Information provided Block Start
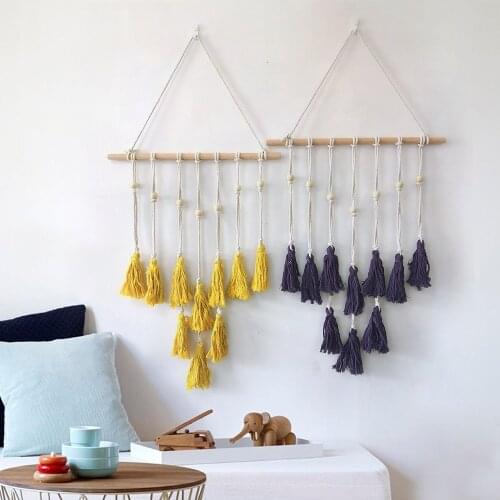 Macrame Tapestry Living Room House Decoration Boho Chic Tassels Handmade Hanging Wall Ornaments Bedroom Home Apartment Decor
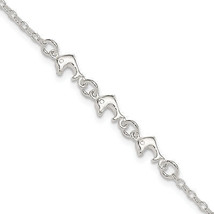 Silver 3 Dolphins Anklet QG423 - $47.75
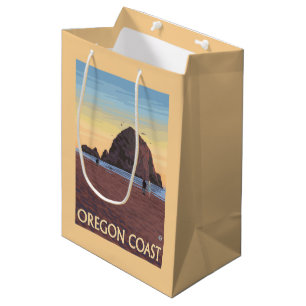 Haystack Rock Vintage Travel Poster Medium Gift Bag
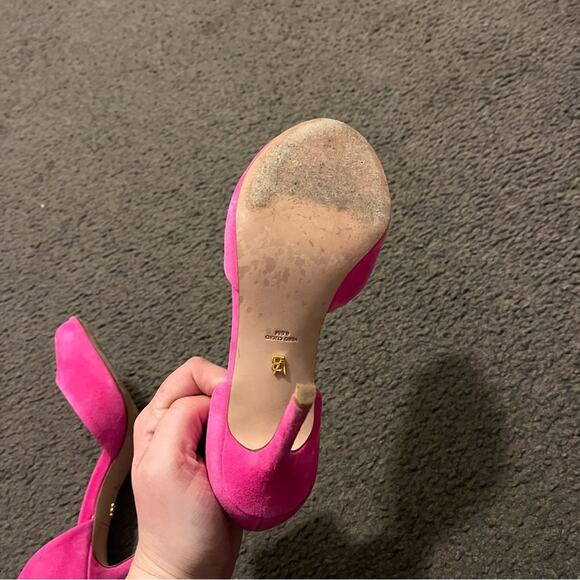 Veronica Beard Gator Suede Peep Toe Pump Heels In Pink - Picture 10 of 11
Information provided Block End
*Activity*. Exactly as written, give again every line from the one containing "Haystack Rock Vintage" through the last line of the material, both included, with the pictures left out.

*Output below*.
 Haystack Rock Vintage Travel Poster Medium Gift Bag
 Veronica Beard Gator Suede Peep Toe Pump Heels In Pink - Picture 10 of 11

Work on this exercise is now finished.